Update: Roan confirmed that changing the call should fix the problem. The issue is that /a/webstats/bin/filter needs to be able to recognize a page as something *not* to log. The current (undocumented?) convention for doing that is to use w/index.php?title=Special:Foo instead of wiki/Special:Foo . The source code for /a/webstats/bin/filter is (I believe):
http://svn.wikimedia.org/viewvc/mediawiki/trunk/webstatscollector/filter.c?view=markup

...which based on my skimming, seems right (parse_url returns false if there's no "/wiki" part).

So, the ball is currently in Ryan K's court to fix this. Since this is a fix that affects quite a few production scripts, it could be a bit before we get it rolled out, but we've not locked down on a plan yet.

I have a fix for this checked in now (r75181 and r75222). I'll try to get it tested and pushed out on Monday if possible. This should fix the stats issue on all wikis except for meta. I'm going to do the fix for meta separately since it is less critical and more difficult to implement.

To explain, the stats on meta are currently extra inflated while a centralNotice campaign is actually running. To fix it, however, I'll need Tomasz or someone else to change a config setting at the same time that we deploy a code fix. If the first fix goes smoothly, I'll try to fix meta immediately afterward.

Just pending code review and then we can get this out.

Still working on an issue with Roan. We can probably get this pushed out after I hear back from him.

The code is ready, but we missed our window for deploying it. We'll have to wait until after the All Staff Meeting :(

Tentatively scheduled for 11/1 afternoon PDT.

ngautam wrote:

Checked, the new URLS as they appear on test.wikipedia are filtered correctly by the fliter on locke.

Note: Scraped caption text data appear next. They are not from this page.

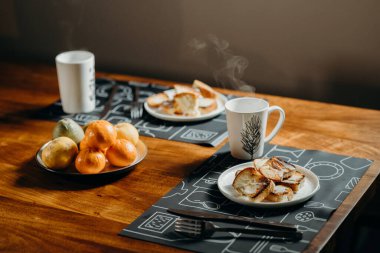 İki kişi için kahvaltı - kahve, çay, ekmek ve meyve.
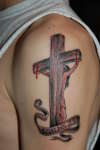 Unique Cross tattoo
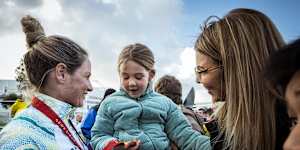 Emily Petricola shares her new jewellery with Kerry Young and her daughter Riley.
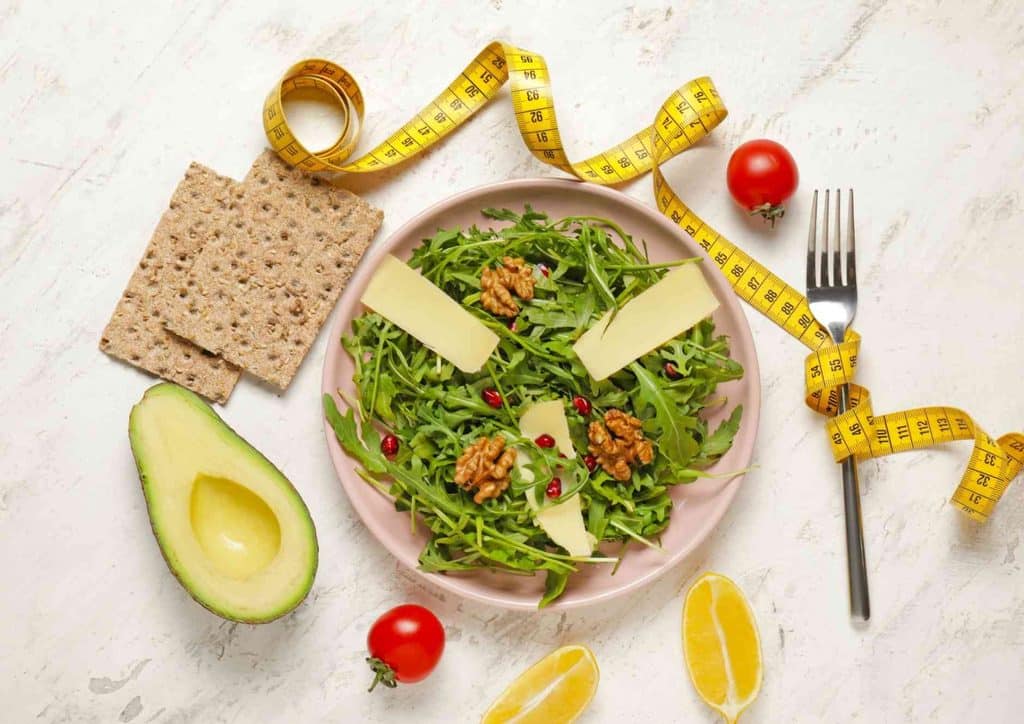 Easy Meals for Weight Loss When You're Short on Time 4 A plate of salad featuring avocado, cheese, and a measuring tape, symbolising healthy eating and portion control.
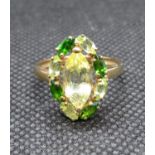 9ct ring size Q with yellow and green stones 3g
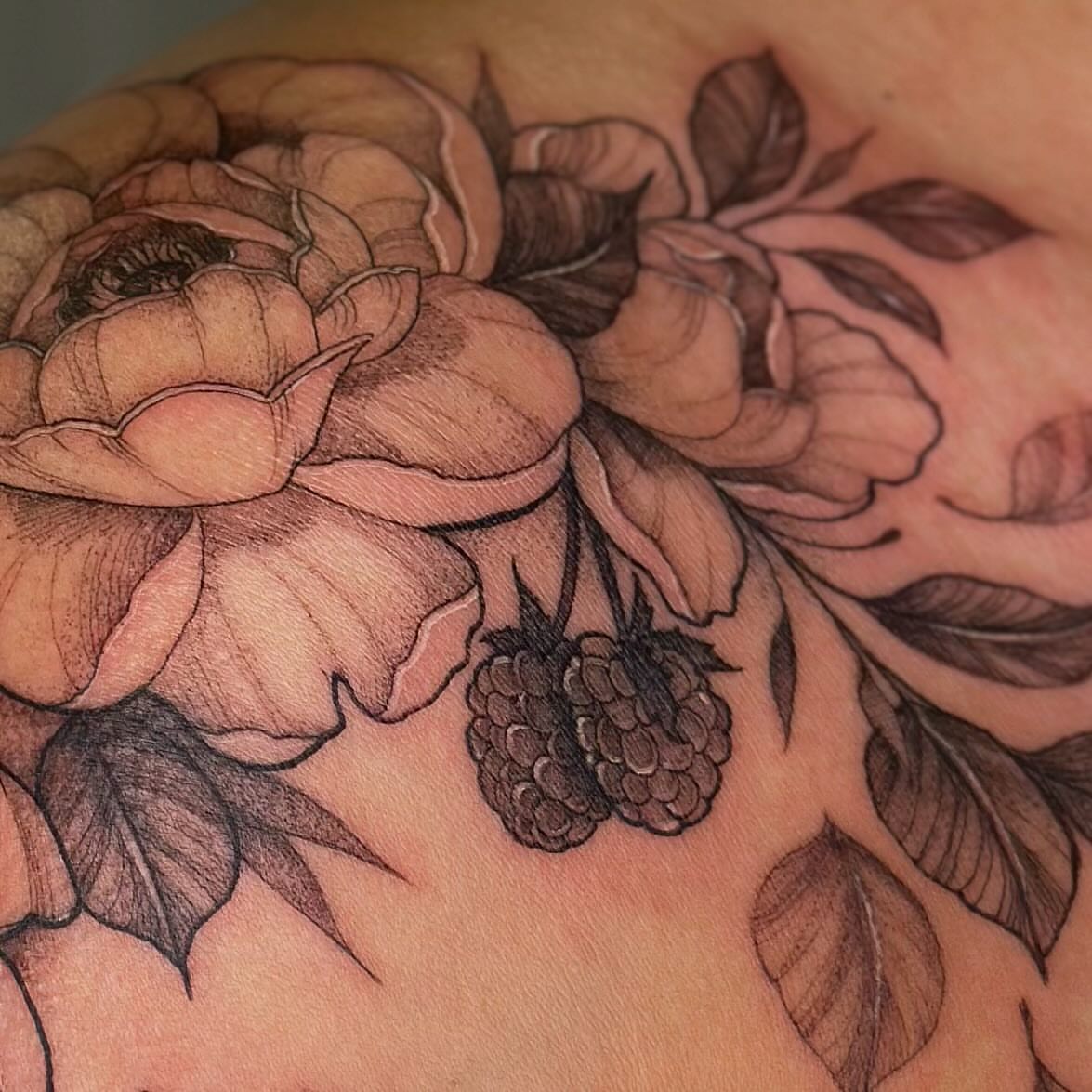 Peony flowers black and grey tattoo on the chest by Sabrina, Harrison, New Jersey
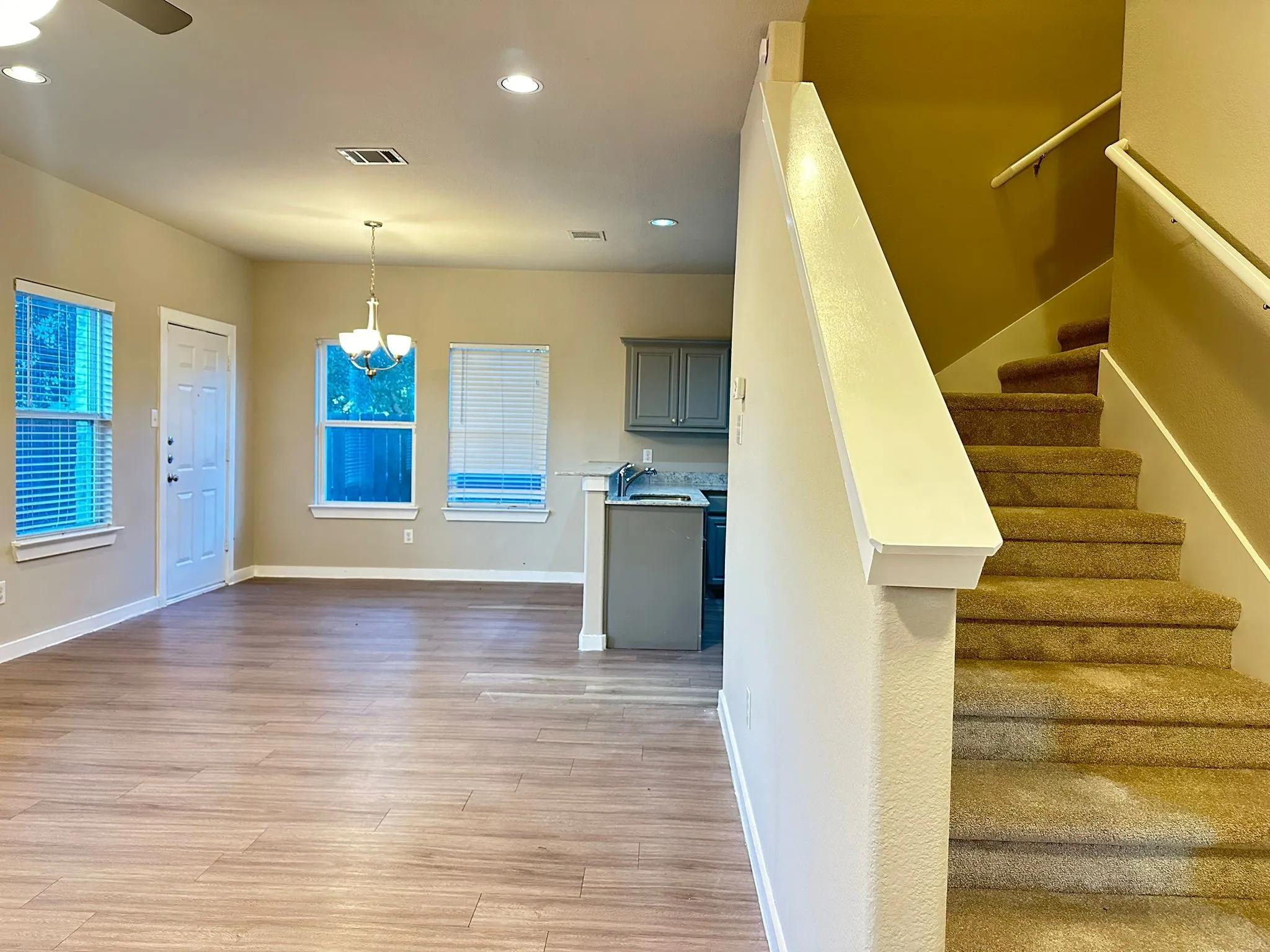 Open-concept living area with wood-finish flooring, recessed lighting, and ceiling fan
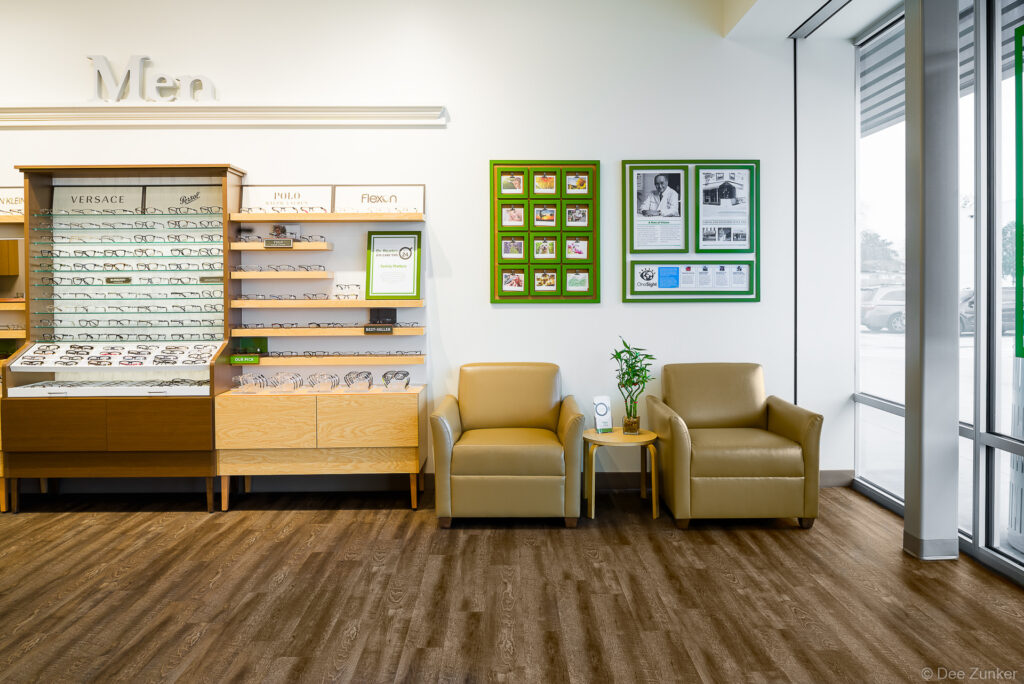 Pearle Vision optical store interior showing men's eyeglass display frames, waiting area with tan armchairs, and branded wall art in Houston.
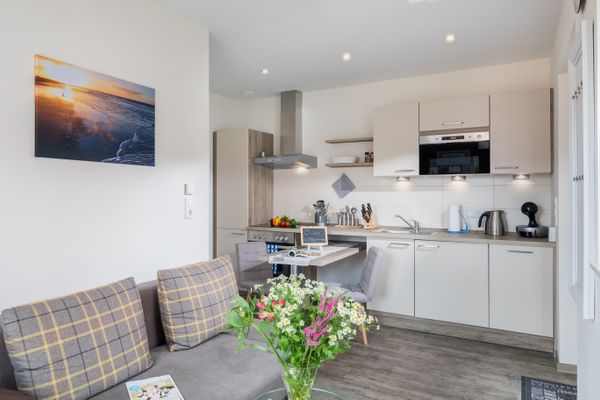  Ferienwohnung Vissers Seehstern Norderney - Wohnzimmer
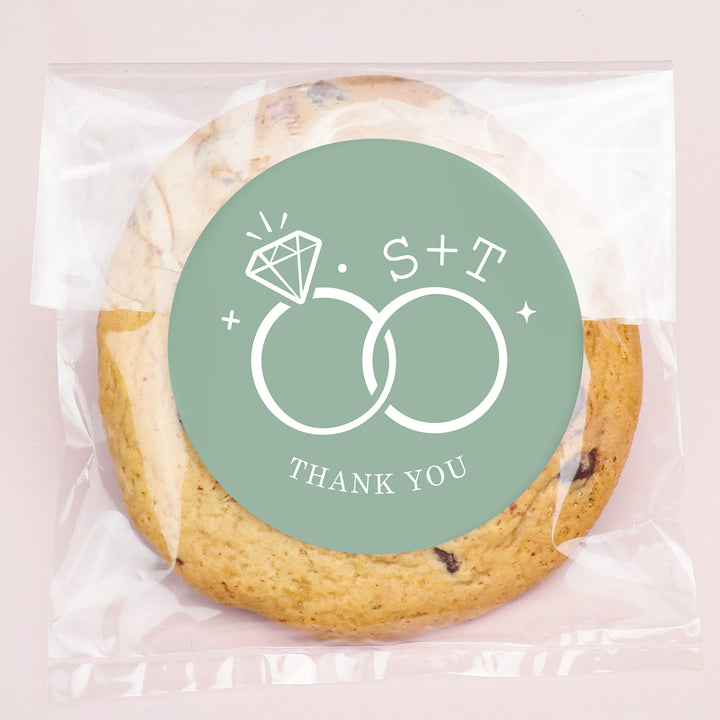 Cookie with a 'Thank You' label featuring initials and ring design on a pink background
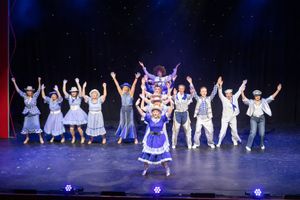 An enthusiastic ensemble performing “Go West.”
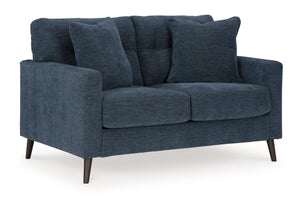 Feed your mid-century modern nostalgiaâ€”with a contemporary twist. A vibrant trend-right hue and comfy feel make this loveseat perfect for lounging solo or with friends and family. Its linear profile adds plenty of fresh style, and the tapered accent leg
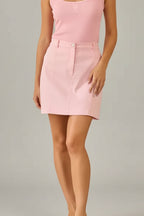 Woman wearing a pink tank top and skirt standing in a room with beige walls and curtains.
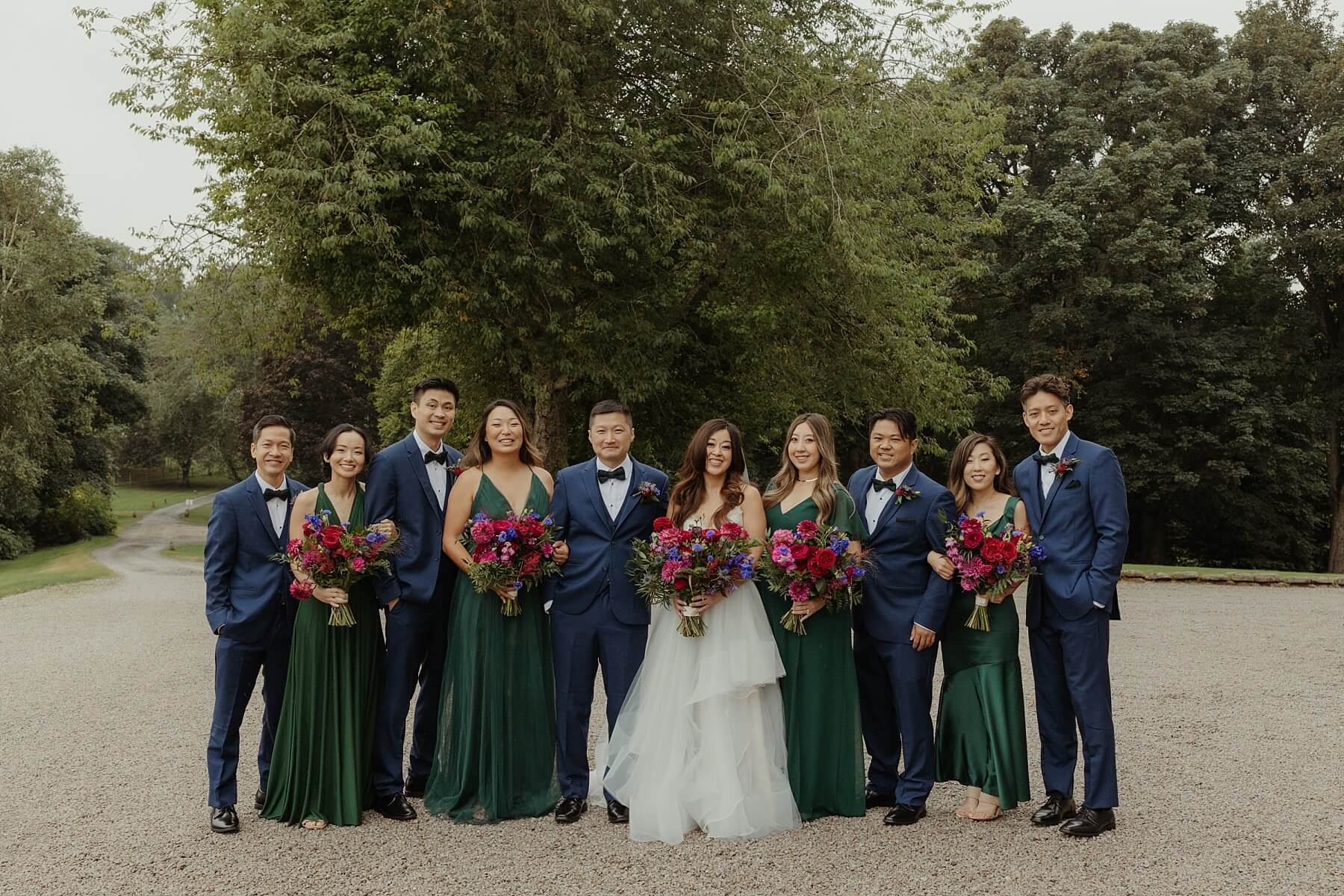 american bride and groom pose with wedding party bridesmaids in green silk dresses and groomsmen in navy suits with bow ties at cluny castle wedding scotland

I've checked in the 2nd part of the fix, for fixing the stats on meta. I have to coordinate with Tomasz for deployment since it requires changing a centralNotice config var first on the live servers.

[mass-moving wikistats reports from Wikimedia→Statistics to Analytics→Wikistats to have stats issues under one Bugzilla product (see bug 42088) - sorry for the bugspam!]